Program:
#include <iostream>
using namespace std;
int main() {
string str;
str[0] = 'a';
str[1] = 'b';
str[2] = 'c';
cout << str;
return 0;
}
Output:
No output.
If I replace cout << str; with cout << str[1], I get a proper output.
Output:
b
And if I change the data type of the variable to a character array, I get the desired output. (Replacing string str; with char str[5];
Output:
abc
Why is my program behaving like this? How do I alter my code to get the desired output without changing the data type?
Your program has undefined behavior.
string str;
creates an empty string. It has length 0.
You are trying to write to the first three elements of this string with
str[0] = 'a';
str[1] = 'b';
str[2] = 'c';
These do not exist. Indexing a std::string out-of-bounds causes undefined behavior.

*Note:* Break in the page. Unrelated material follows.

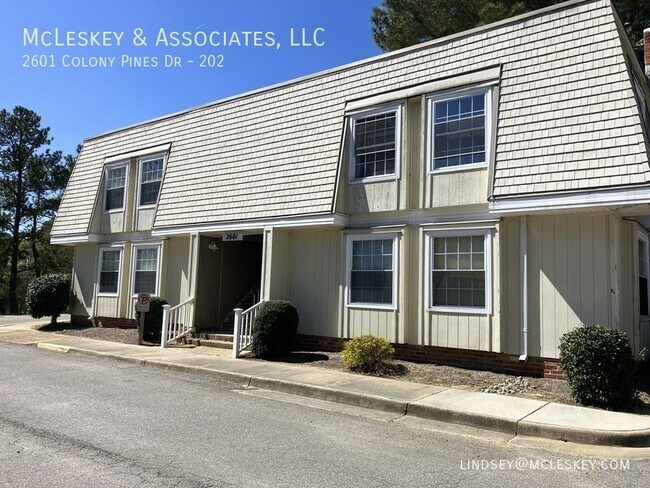 Colony Pines Apartments - Colony Pines Apartments Unit 202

You can add characters to a string with any of the following methods:
str += 'a';
str += "a";
str.push_back('a');
str.append("a");
or you can resize the string first to the intended length before you index into any of its elements:
str.resize(3);
As pointed out by #Ayxan in a comment under this answer, you are also missing #include<string>. Without it it is unspecified whether your program will compile since it uses std::string which is defined in <string>. It is unspecified whether including one standard library header will include another one if there isn't a specific exception. You should not rely on unspecified behavior that may break at any point.

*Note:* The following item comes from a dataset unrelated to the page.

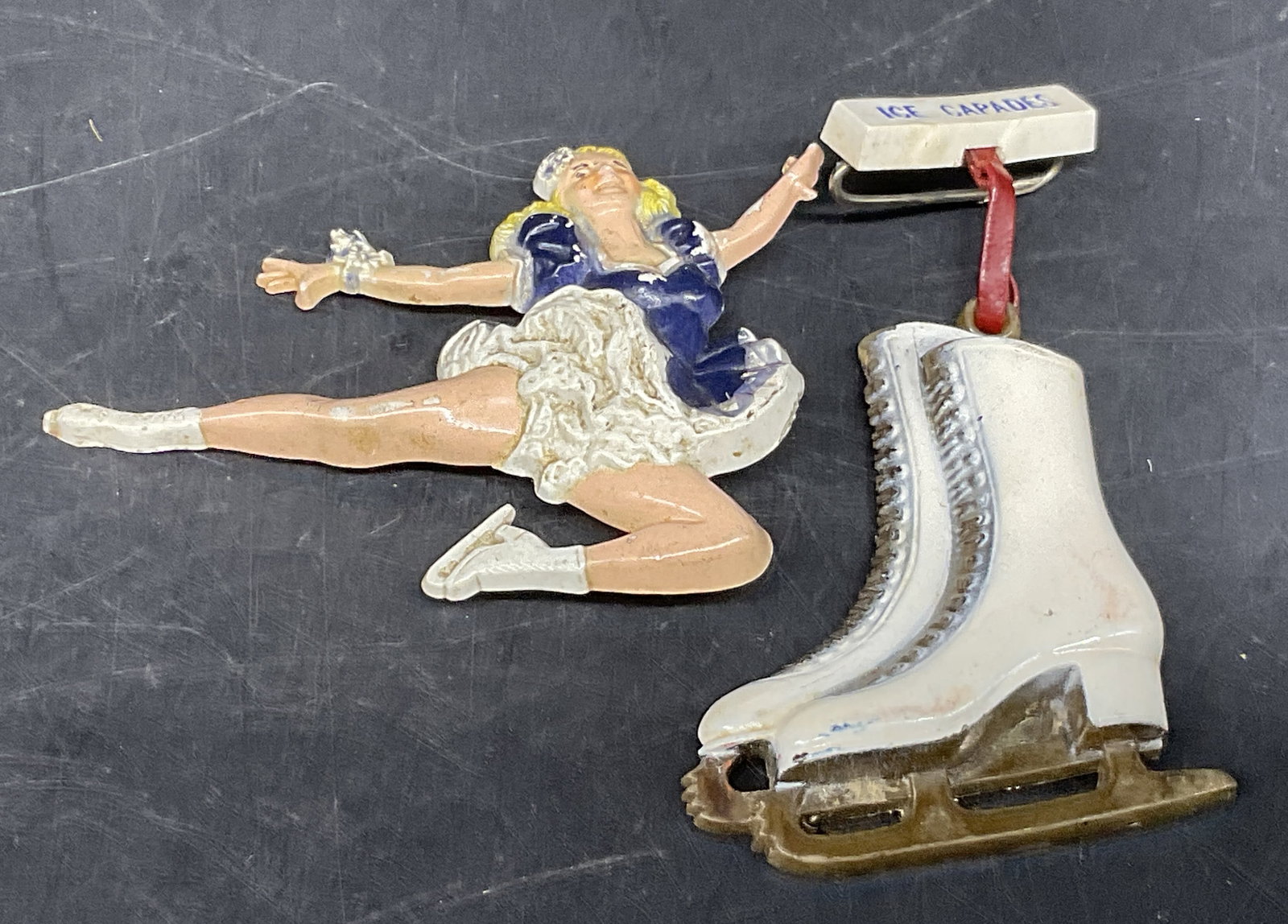 Lt2 VTG Traveling Ice Show Souvenir Pins (1 of 7)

In addition to walnut's answer, here's what's going on under the hood:
An std::string contains at least two members, a data pointer (type char*) and a size. The [] operator does not check the size, it only indexes into the memory behind the data pointer. Also, the [] operator does not modify the size member of the string.
The << operator that streams the string to cout, however, does interpret the size member. It does so to be able to output strings containing null characters. Since the size member is still zero, nothing is printed.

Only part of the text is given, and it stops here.